--- START ---

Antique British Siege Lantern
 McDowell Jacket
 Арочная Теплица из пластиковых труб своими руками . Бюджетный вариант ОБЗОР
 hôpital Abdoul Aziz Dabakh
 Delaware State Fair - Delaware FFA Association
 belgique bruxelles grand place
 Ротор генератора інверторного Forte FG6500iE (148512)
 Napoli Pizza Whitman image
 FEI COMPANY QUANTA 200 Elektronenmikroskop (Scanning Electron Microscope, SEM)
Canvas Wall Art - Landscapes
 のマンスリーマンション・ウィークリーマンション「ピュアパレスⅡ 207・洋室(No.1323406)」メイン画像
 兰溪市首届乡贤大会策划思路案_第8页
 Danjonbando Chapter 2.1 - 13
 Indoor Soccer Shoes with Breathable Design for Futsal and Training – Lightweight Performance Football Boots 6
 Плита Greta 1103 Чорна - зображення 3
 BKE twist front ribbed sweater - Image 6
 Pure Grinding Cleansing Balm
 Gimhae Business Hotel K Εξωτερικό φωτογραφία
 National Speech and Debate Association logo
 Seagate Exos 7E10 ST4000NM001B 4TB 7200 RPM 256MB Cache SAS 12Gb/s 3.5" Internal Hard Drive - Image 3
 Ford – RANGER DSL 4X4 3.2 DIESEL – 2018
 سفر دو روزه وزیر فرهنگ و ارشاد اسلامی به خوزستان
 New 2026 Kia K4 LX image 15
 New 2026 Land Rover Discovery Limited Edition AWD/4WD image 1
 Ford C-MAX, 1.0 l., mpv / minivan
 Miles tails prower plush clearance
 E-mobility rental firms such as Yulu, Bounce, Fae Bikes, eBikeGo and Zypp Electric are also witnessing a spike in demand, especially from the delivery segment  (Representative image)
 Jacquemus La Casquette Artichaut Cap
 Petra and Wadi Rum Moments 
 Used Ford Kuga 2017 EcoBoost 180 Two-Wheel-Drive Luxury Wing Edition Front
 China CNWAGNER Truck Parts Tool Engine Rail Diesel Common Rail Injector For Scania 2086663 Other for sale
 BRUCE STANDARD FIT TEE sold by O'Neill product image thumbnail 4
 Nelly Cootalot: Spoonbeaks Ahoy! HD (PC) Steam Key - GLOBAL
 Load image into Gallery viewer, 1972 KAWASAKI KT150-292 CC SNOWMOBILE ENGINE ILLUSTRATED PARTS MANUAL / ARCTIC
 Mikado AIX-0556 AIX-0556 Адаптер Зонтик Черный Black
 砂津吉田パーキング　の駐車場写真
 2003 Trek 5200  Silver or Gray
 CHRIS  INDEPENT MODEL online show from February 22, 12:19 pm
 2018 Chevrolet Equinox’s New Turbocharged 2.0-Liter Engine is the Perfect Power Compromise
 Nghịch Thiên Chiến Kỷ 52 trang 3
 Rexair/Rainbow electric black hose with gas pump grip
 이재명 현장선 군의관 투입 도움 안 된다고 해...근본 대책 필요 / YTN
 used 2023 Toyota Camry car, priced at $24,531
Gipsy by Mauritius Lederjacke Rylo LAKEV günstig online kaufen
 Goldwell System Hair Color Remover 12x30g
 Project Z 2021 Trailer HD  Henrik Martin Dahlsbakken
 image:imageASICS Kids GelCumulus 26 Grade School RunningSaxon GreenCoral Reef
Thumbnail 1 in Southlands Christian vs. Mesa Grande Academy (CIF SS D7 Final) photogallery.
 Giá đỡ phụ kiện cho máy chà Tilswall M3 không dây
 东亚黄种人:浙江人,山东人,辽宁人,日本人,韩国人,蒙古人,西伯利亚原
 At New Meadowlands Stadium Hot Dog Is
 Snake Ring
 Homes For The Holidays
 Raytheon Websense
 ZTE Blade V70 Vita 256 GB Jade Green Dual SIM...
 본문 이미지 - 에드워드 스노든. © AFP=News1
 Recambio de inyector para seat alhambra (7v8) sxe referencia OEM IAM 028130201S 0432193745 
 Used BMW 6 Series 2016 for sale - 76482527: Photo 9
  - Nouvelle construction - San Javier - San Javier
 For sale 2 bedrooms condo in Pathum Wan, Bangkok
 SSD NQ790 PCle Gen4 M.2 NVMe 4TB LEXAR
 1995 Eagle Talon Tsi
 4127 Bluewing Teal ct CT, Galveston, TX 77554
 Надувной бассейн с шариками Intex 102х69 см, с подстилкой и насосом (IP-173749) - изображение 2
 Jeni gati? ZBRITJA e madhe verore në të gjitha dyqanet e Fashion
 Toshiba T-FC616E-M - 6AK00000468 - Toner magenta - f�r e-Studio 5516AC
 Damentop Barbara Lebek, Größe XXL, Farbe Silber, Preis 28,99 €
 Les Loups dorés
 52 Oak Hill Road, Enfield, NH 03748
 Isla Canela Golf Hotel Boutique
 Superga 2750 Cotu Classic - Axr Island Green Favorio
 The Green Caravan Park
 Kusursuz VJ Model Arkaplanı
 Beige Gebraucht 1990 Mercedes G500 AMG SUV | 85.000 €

--- END ---

Beginning at the first line of the records, retype exactly every line up to and including the one with "National Speech and Debate Association logo".

Antique British Siege Lantern
 McDowell Jacket
 Арочная Теплица из пластиковых труб своими руками . Бюджетный вариант ОБЗОР
 hôpital Abdoul Aziz Dabakh
 Delaware State Fair - Delaware FFA Association
 belgique bruxelles grand place
 Ротор генератора інверторного Forte FG6500iE (148512)
 Napoli Pizza Whitman image
 FEI COMPANY QUANTA 200 Elektronenmikroskop (Scanning Electron Microscope, SEM)
Canvas Wall Art - Landscapes
 のマンスリーマンション・ウィークリーマンション「ピュアパレスⅡ 207・洋室(No.1323406)」メイン画像
 兰溪市首届乡贤大会策划思路案_第8页
 Danjonbando Chapter 2.1 - 13
 Indoor Soccer Shoes with Breathable Design for Futsal and Training – Lightweight Performance Football Boots 6
 Плита Greta 1103 Чорна - зображення 3
 BKE twist front ribbed sweater - Image 6
 Pure Grinding Cleansing Balm
 Gimhae Business Hotel K Εξωτερικό φωτογραφία
 National Speech and Debate Association logo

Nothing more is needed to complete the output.